Ketiga, pastikan legislatif (DPR/DPRD) aman untuk kita. Ada dua pokok tawaran menjadi anggota parlemen itu hak OAP: (i) Pemilihan Umum Legislatif berjalan normal seperti aturan yang telah dibakukan terdahulu; (ii), pengangkatan kursi otsus.
Keempat, pastikan yudikatif Papua aman. Orang asli Papua dan orang Papua potensial mesti sudah siap untuk mengendalikannya. Kelima, pastikan adanya pengusaha atau pebisnis mandiri orang asli Papua dan orang Papua yang siap bersaing dan terlibat langsung dalam pengerjaan berbagai proyek pemerintah dan dunia bisnis lainnya.
Keenam, pastikan orang asli Papua dan orang Papua pucuk pimpinan OKP, Ormas, dan LSM yang memiliki konektivitas dengan lembaga donor dari luar negeri yang bekerja di berbagai bidang kehidupan.
Ketujuh, pastikan adanya partai politik (parpol) lokal di Papua seperti di Nanggroe Aceh Darussalam (NAD). Kedelapan, perkuat Lembaga Masyarakat Adat asli Papua. Kesembilan, perkuat Gereja (Agama) bagi Orang asli Papua.
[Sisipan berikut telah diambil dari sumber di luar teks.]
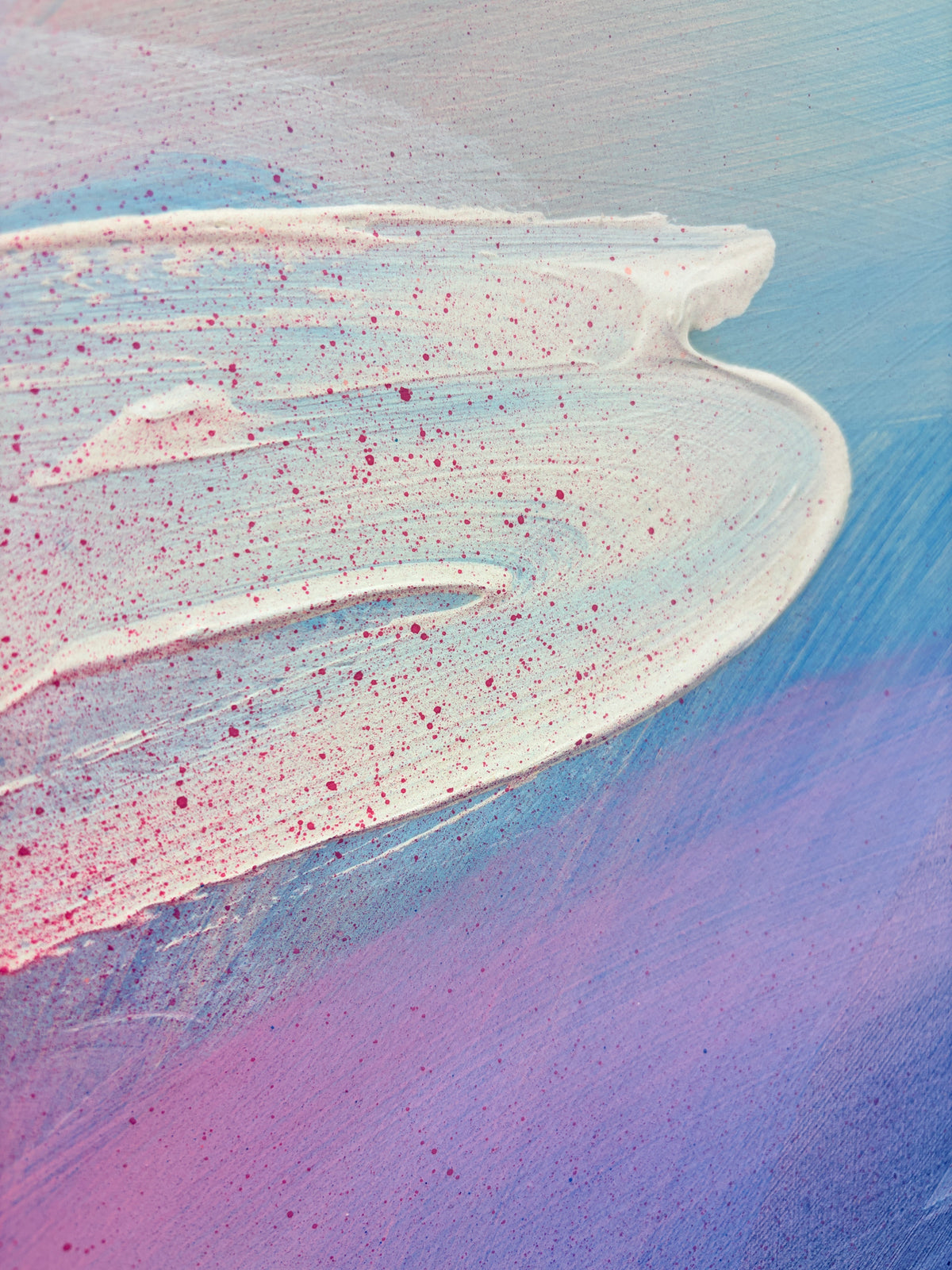 For Every Mountain by Kate Mayer: abstract acrylic on plywood, swirling brushstrokes, in a handmade metal float frame.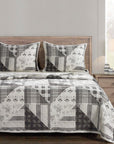 Patchwork Prairie - Twin Reversible Quilt Set Set of 2 - Black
Catatan kritis ini diharapkan menjadi bahan masukan dan pertimbangan bagi para pengambil kebijakan di Papua. Kita boleh berbeda pendapat tetapi kita harus saling memberikan penguatan guna memajukan tanah Papua ke arah yang lebih sejahtera, aman, dan damai. Tuhan memberkati.